**SUPPLIED RECORDS:**
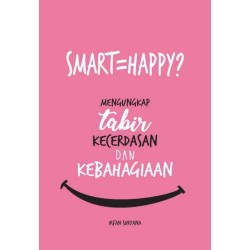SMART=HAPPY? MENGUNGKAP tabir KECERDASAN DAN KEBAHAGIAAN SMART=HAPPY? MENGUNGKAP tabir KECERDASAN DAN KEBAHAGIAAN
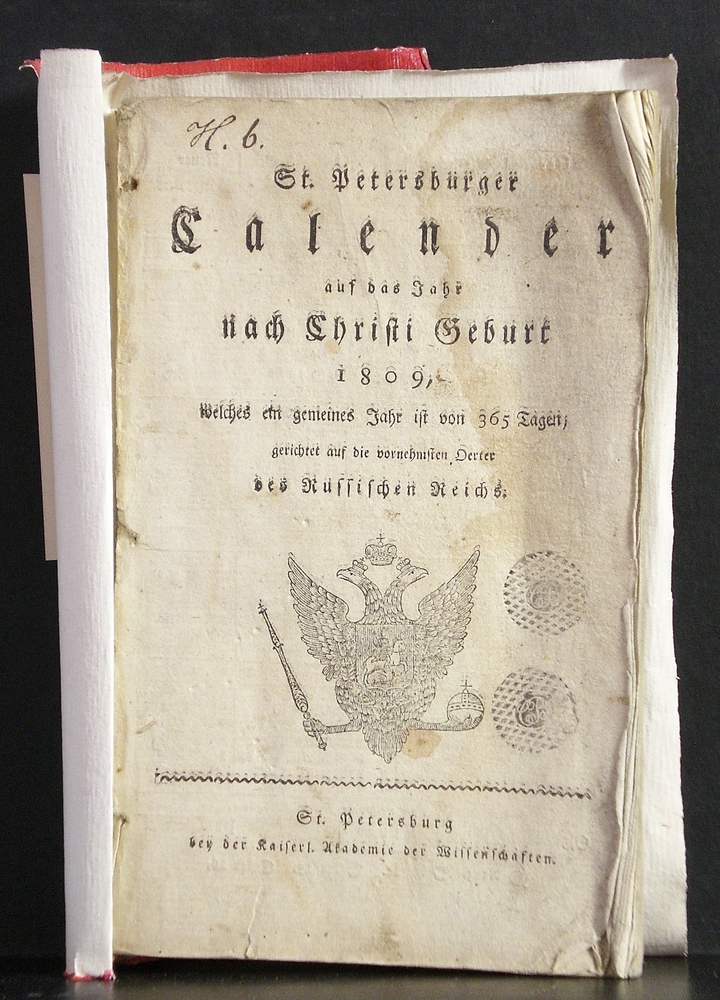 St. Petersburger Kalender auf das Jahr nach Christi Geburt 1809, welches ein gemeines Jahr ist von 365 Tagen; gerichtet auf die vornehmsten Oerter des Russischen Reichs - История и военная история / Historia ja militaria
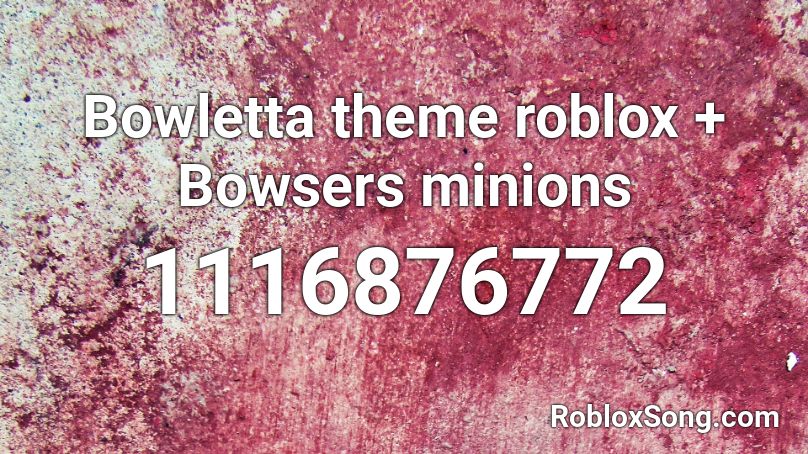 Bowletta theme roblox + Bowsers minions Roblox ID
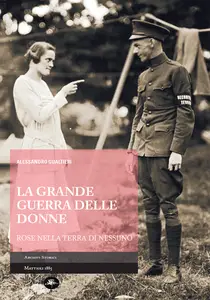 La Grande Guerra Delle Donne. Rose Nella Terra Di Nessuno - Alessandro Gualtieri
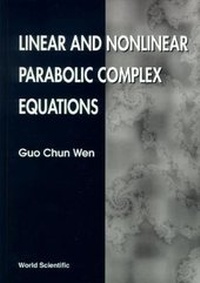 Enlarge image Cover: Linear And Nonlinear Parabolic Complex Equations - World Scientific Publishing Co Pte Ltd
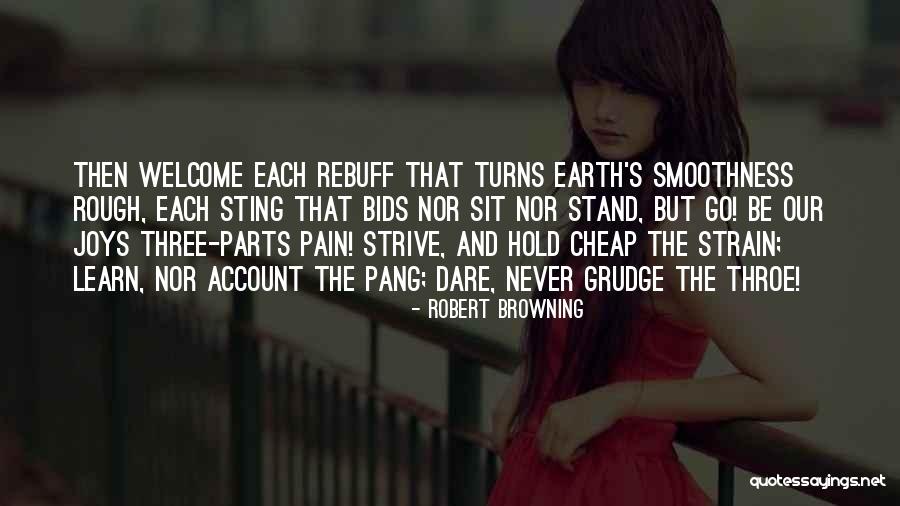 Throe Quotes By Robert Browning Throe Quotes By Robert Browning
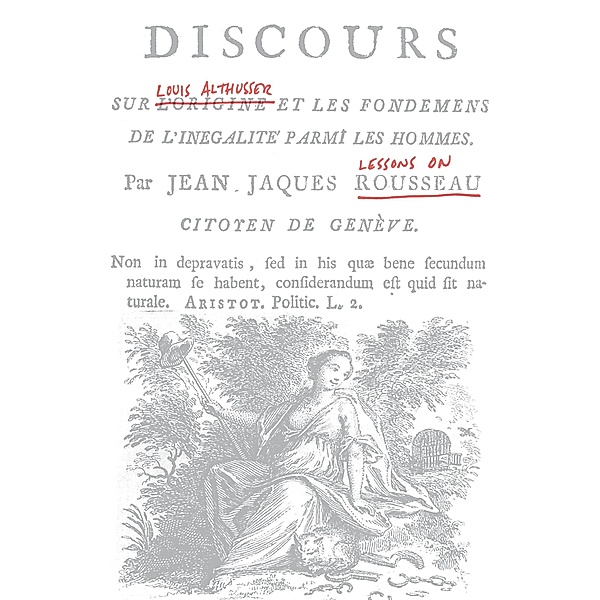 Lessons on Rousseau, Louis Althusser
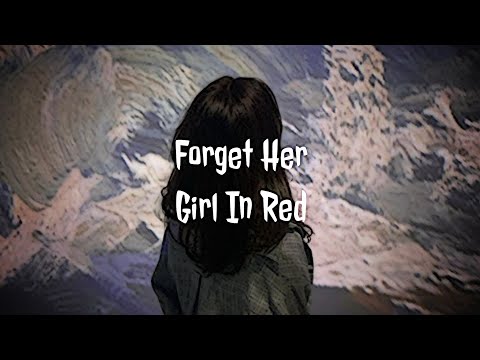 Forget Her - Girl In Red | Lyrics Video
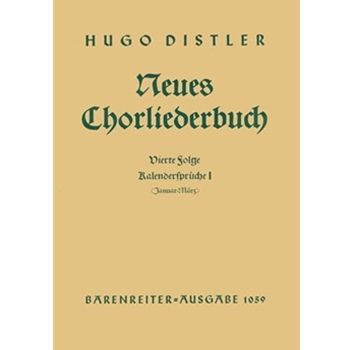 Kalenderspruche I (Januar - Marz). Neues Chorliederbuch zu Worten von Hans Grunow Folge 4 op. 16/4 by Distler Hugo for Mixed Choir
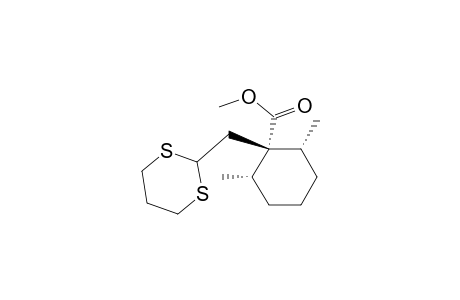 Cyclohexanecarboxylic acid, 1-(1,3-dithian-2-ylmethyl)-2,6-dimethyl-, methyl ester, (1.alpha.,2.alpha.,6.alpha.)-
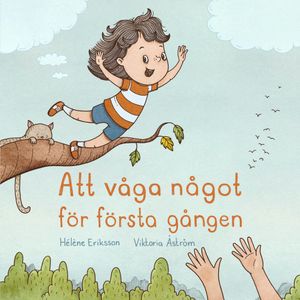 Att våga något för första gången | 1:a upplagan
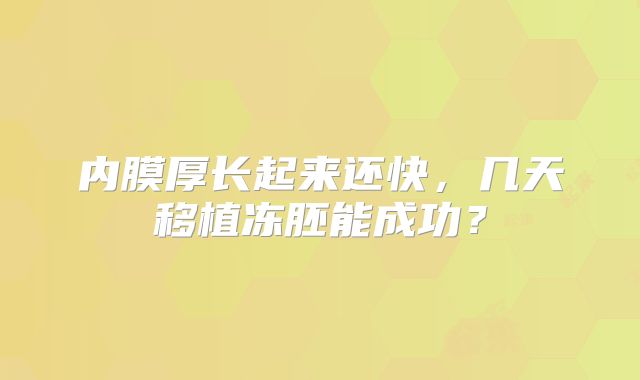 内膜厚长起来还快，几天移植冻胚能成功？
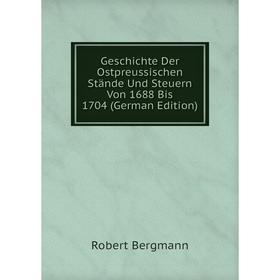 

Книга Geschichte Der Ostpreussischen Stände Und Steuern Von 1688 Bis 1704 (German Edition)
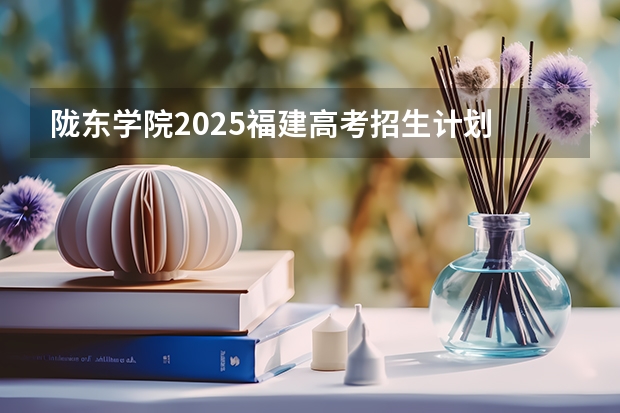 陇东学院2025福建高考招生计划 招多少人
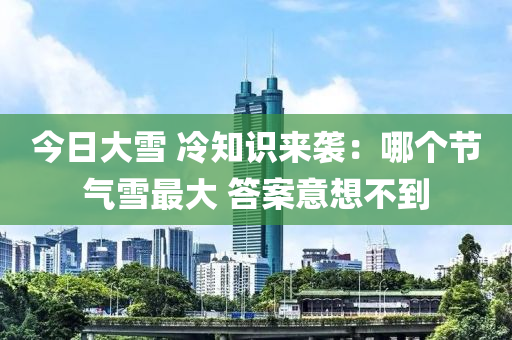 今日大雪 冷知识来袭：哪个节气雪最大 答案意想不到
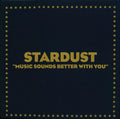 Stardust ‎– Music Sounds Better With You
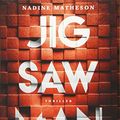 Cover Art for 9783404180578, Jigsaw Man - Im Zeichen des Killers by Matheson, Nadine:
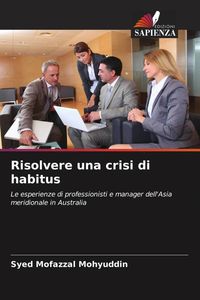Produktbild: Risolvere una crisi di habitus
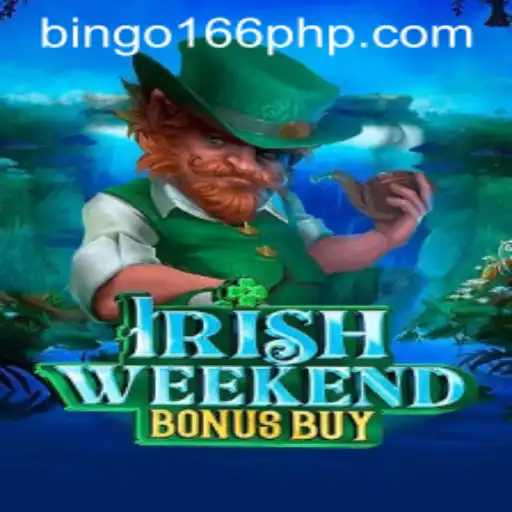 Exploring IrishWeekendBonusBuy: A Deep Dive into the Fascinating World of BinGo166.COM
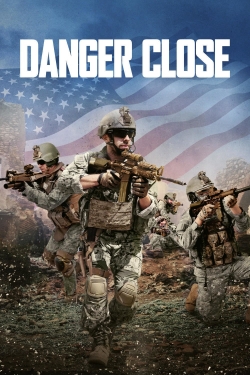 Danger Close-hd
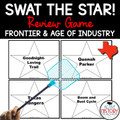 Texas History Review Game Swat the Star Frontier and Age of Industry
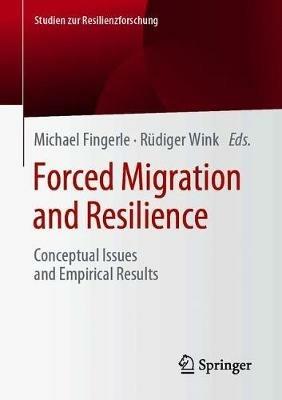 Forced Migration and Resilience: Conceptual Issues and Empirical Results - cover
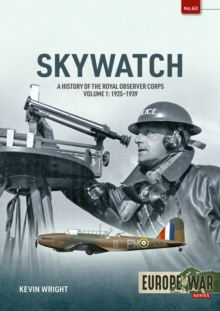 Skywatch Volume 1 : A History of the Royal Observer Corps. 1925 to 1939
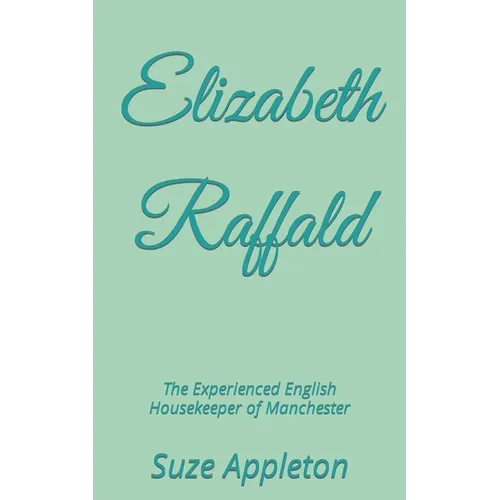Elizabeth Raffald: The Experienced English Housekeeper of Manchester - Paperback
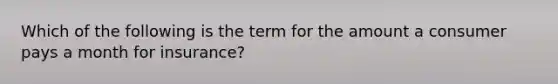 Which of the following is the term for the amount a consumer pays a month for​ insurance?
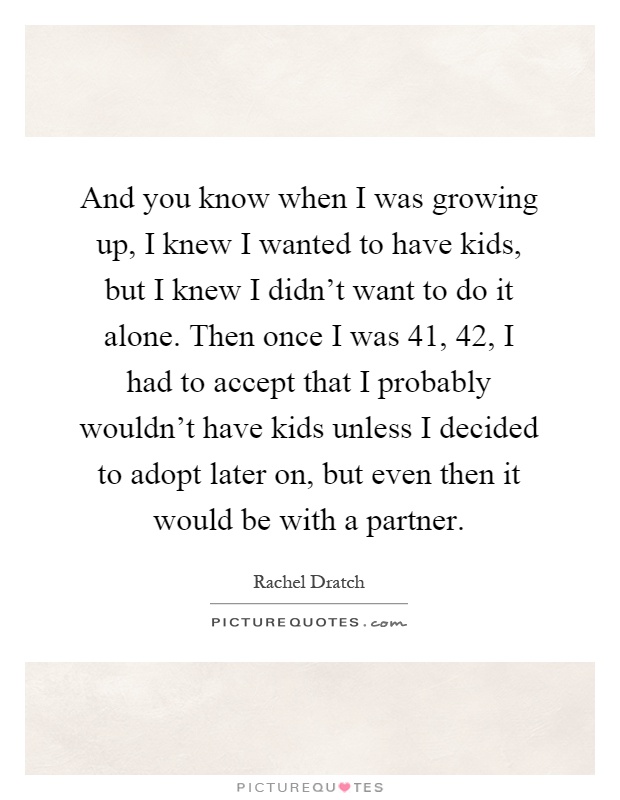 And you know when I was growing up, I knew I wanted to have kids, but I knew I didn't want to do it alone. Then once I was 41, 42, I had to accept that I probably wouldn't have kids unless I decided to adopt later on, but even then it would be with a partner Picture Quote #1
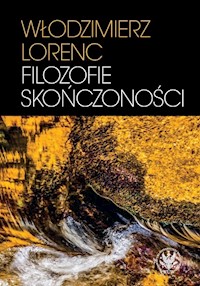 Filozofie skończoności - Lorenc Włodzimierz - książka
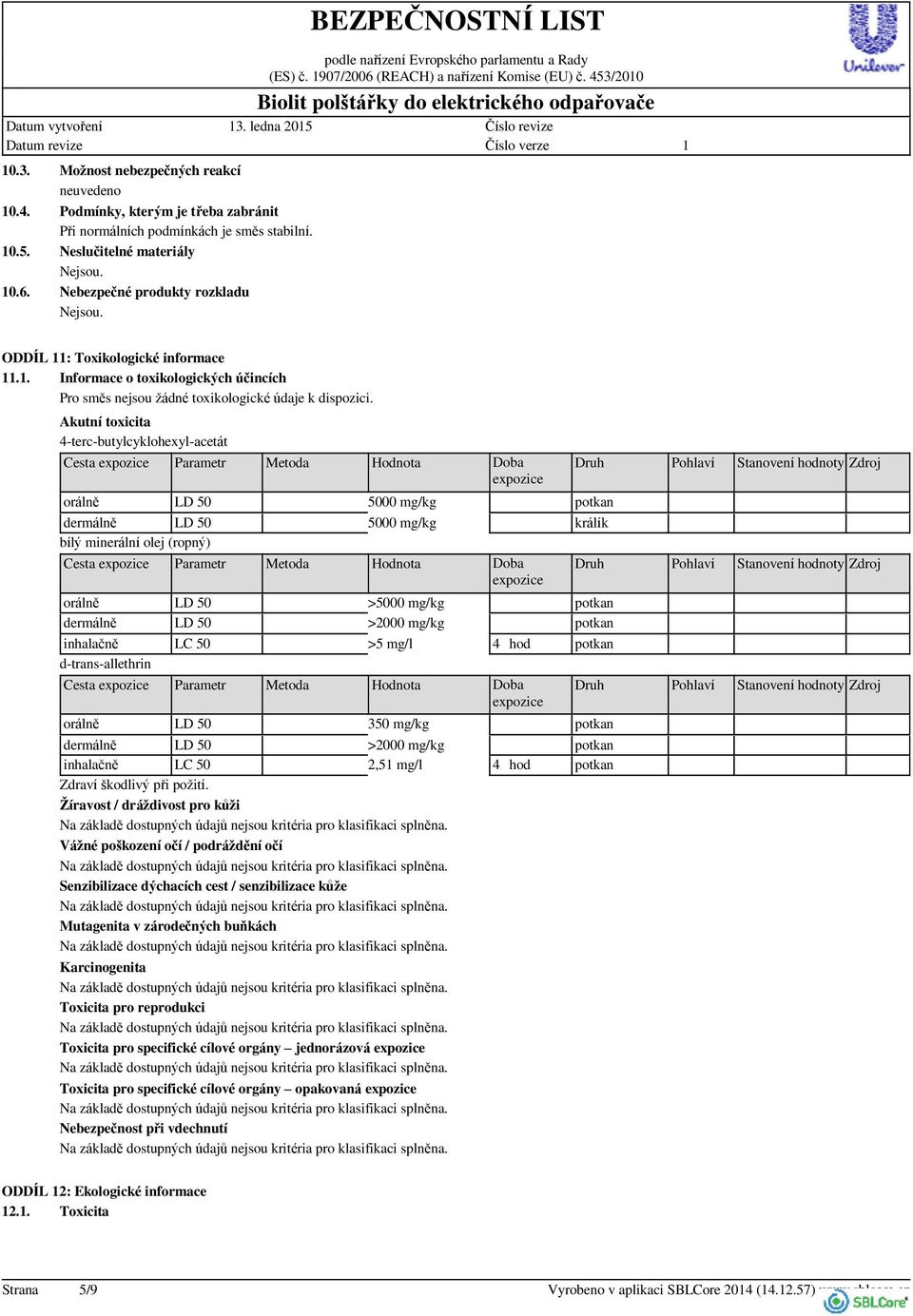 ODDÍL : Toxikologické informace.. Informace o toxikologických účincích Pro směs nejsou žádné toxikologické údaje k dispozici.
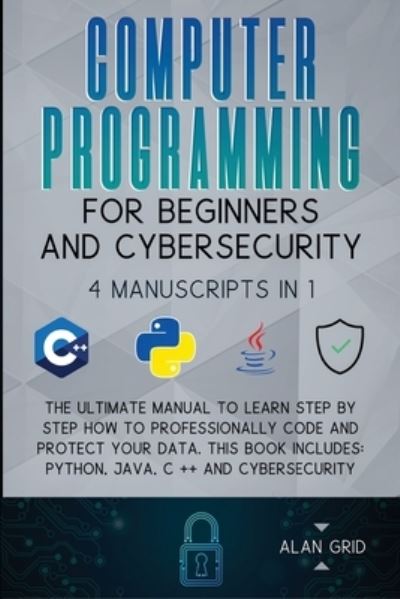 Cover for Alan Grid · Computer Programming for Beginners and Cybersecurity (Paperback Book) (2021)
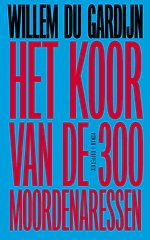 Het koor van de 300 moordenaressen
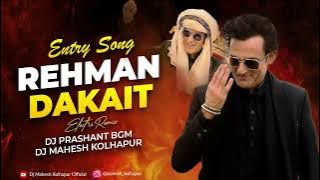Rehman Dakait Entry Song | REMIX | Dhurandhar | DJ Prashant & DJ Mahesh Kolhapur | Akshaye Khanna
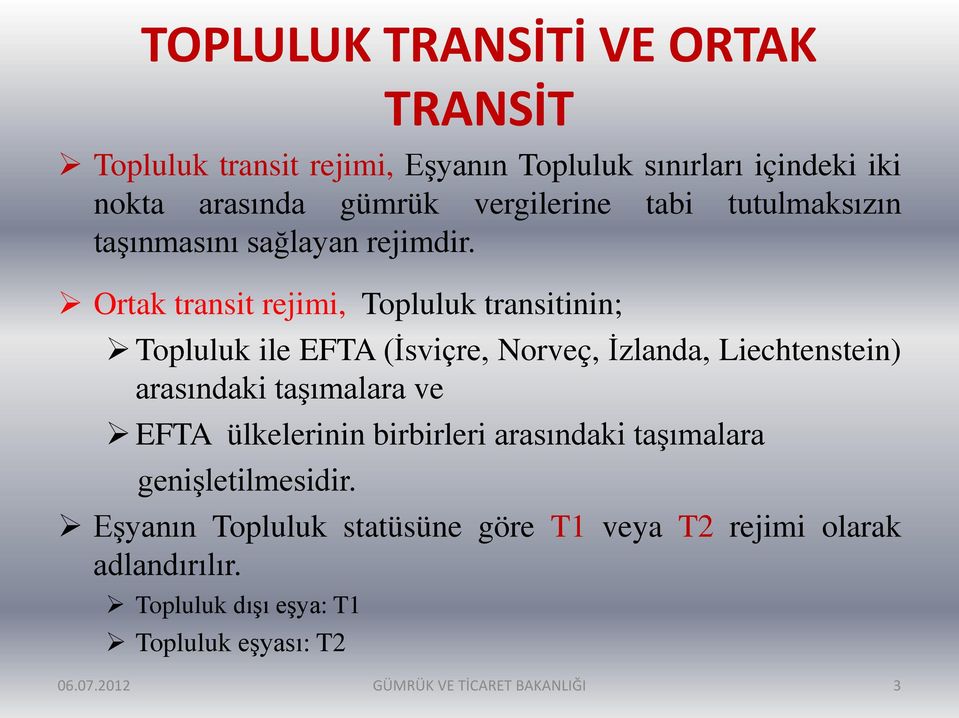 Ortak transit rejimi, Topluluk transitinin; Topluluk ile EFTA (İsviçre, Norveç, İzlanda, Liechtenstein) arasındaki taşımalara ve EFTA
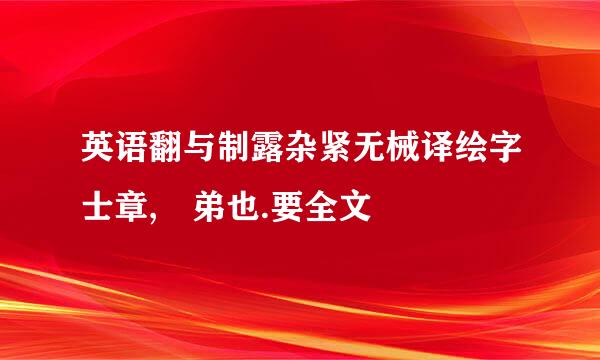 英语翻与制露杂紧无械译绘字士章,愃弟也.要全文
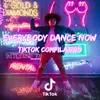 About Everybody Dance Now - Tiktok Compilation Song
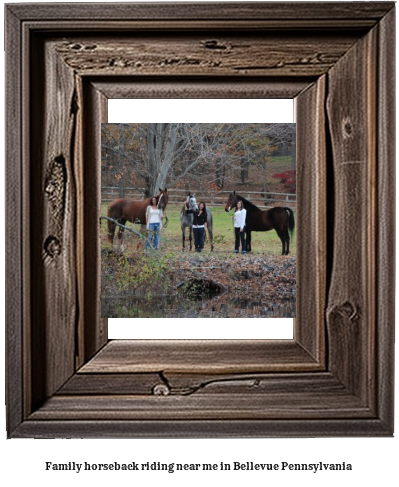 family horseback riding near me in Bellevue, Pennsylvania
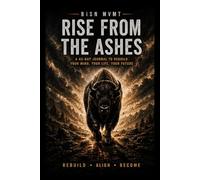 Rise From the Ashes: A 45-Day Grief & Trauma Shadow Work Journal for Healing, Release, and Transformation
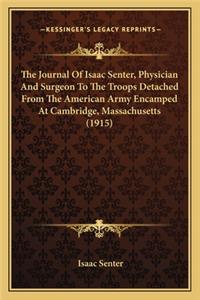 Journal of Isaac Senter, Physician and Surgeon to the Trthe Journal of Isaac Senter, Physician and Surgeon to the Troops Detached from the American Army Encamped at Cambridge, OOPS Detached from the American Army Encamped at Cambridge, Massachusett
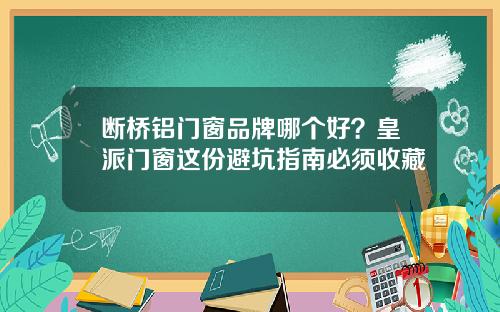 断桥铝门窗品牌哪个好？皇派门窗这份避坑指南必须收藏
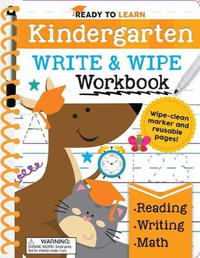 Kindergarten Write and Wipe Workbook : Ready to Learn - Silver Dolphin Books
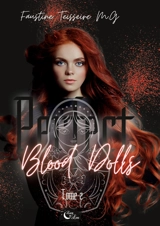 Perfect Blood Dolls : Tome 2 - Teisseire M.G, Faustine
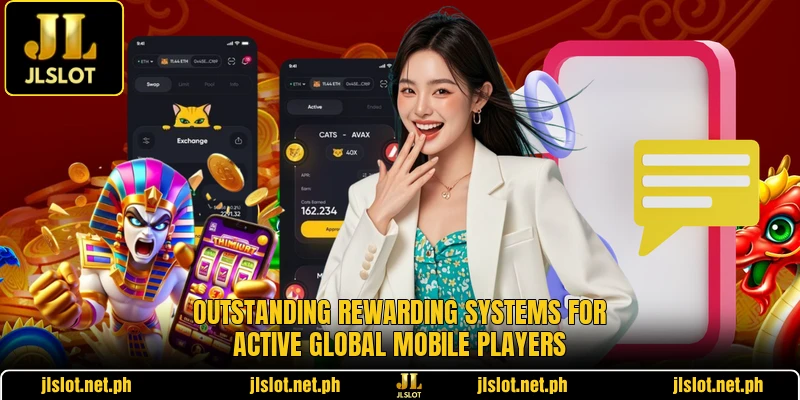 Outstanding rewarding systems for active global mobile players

**TASK BRIEF:**
Keep to the lines above from the line with "Книга Geschichte Der" to the line with "Which of the", and set down exactly those, inclusive, with nothing else and every picture left out.

**WRITTEN REPLY:**
Книга Geschichte Der Ostpreussischen Stände Und Steuern Von 1688 Bis 1704 (German Edition)
 陇东学院2025福建高考招生计划 招多少人
 今日大雪 冷知识来袭：哪个节气雪最大 答案意想不到
 Stardust ‎– Music Sounds Better With You
 Cover Art for 9783404180578, Jigsaw Man - Im Zeichen des Killers by Matheson, Nadine:
Produktbild: Risolvere una crisi di habitus
 Exploring IrishWeekendBonusBuy: A Deep Dive into the Fascinating World of BinGo166.COM
 Danger Close-hd
 Texas History Review Game Swat the Star Frontier and Age of Industry
 Forced Migration and Resilience: Conceptual Issues and Empirical Results - cover
 Skywatch Volume 1 : A History of the Royal Observer Corps. 1925 to 1939
Elizabeth Raffald: The Experienced English Housekeeper of Manchester - Paperback
 Which of the following is the term for the amount a consumer pays a month for​ insurance?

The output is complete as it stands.